Dignity and America’s “Back Row”

Just as with the book by Tim Carney about which I posted a couple weeks ago, here is a new book that emphasizes matters of social class, the bifurcation of it in contemporary America, the collapse of basic social and cultural structures of support that include religion and tradition, and the human cost. This one is Dignity: Seeking Respect in Back Row America (Penguin Random House), by Chris Arnade.

“Like Jacob Riis in the 1890s, Walker Evans in the 1930s, or Michael Harrington in the 1960s, Chris Arnade bares the reality of our current class divide in stark pictures and unforgettable true stories. Arnade’s raw, deeply reported accounts cut through today’s clickbait media headlines and indict the elitists who misunderstood poverty and addiction in America for decades.

After abandoning his Wall Street career, Arnade decided to document poverty and addiction in the Bronx. He began interviewing, photographing, and becoming close friends with homeless addicts, and spent hours in drug dens and McDonald’s. Then he started driving across America to see how the rest of the country compared. He found the same types of stories everywhere, across lines of race, ethnicity, religion, and geography. 

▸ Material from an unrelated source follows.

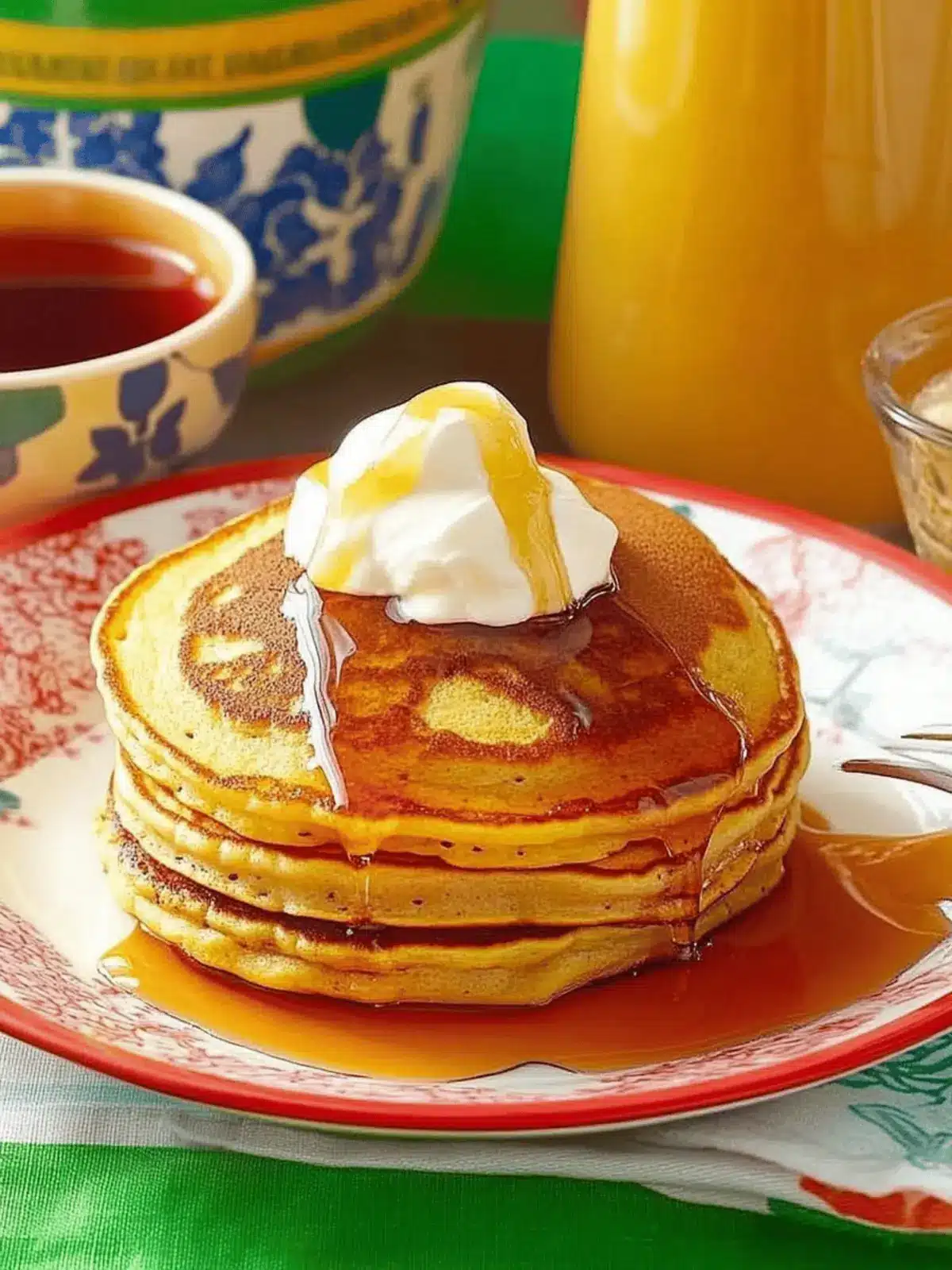 Sour Cream Pancakes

The people he got to know, from Alabama and California to Maine and Nevada, gave Arnade a new respect for the dignity and resilience of what he calls America’s Back Row–those who lack the credentials and advantages of the so-called meritocratic upper class. The strivers in the Front Row, with their advanced degrees and upward mobility, see the Back Row’s values as worthless. They scorn anyone who stays in a dying town or city as foolish, and mock anyone who clings to religion or tradition as naïve.

As Takeesha, a woman in the Bronx, told Arnade, she wants to be seen she sees herself: “a prostitute, a mother of six, and a child of God.” This book is his attempt to help the rest of us truly see, hear, and respect millions of people who’ve been left behind.”